What the task requires -> Nothing but the lines below from the one holding "- Foto, imagen" up to and including the one holding "garden background 117041516" should be copied, exactly and without pictures.

Input records ->
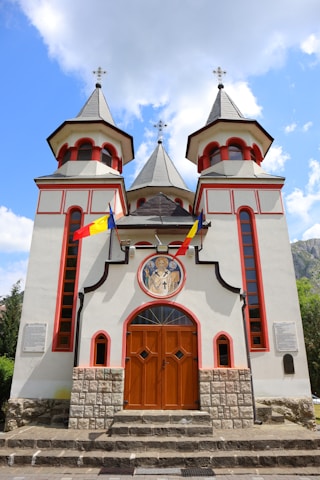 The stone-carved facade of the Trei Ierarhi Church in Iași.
* * *
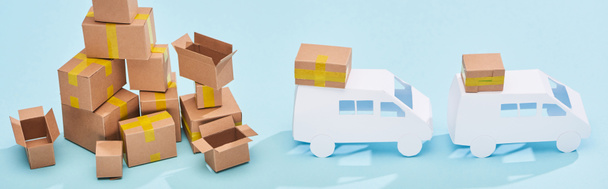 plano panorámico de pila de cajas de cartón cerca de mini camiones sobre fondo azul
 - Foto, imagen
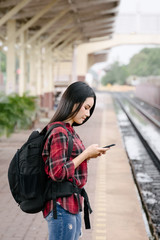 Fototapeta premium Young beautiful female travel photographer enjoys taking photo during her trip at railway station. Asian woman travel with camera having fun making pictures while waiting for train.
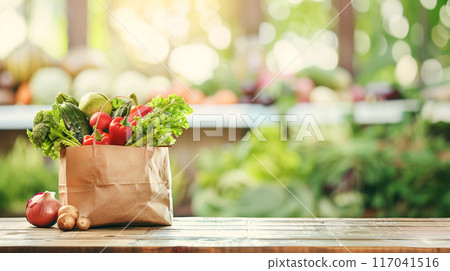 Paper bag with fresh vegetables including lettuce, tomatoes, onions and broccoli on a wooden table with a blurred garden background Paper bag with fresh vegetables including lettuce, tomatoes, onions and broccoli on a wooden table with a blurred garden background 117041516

Answer to this exercise ->
 - Foto, imagen
 Fototapeta premium Young beautiful female travel photographer enjoys taking photo during her trip at railway station. Asian woman travel with camera having fun making pictures while waiting for train.
 Paper bag with fresh vegetables including lettuce, tomatoes, onions and broccoli on a wooden table with a blurred garden background Paper bag with fresh vegetables including lettuce, tomatoes, onions and broccoli on a wooden table with a blurred garden background 117041516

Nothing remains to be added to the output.